Peki başarılı mı olundu,tabi ki hayır daha dar suyun taşıma alanı küçüldükçe sert su geldiğinde bilhassa kıvrımlı set bölümleri nehir parçalayıp önünü açarak tarlalara yine giriyor ve olan o binlerce üveykin yazı geçirdiği havza zift gibi akan nehir içinde yanına kokudan yaklaşılmayarak çiftçiliği doğayı ancak yok etmeye yaradı.Ancak Çürüksu yine de direniyor bozulan yerlerine merhem olup tekrar tekrar yaralarını sarıyor.

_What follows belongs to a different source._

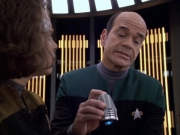 extant_StarTrek_VOY_6x03-BargeOfTheDead_01707.jpg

İnşallah seçilen belediye başkanlarımız gelen valilerimiz kaymakamlarımız ilimizin kanayan bu yarasına merhem olurlar ,Çürüksumuza derman olurlar,tek duamız önceliğimiz temiz su ve özlenen o güzel eski yaşamımızdır.
Lütfen sayın yetkililer bize ÇÜRÜKSUMUZU masmavi akan çayımızı geri veriniz bu sizin kutsal görevinizdir...

©

TRAKOR Çürüksu Kuş Gözlem Topluluğu adına saygımla,
DENİZLİ

© Copyright
Tüm hakları TRAKOR Çürüksu Kuşgözlem Topluluğuna aittir...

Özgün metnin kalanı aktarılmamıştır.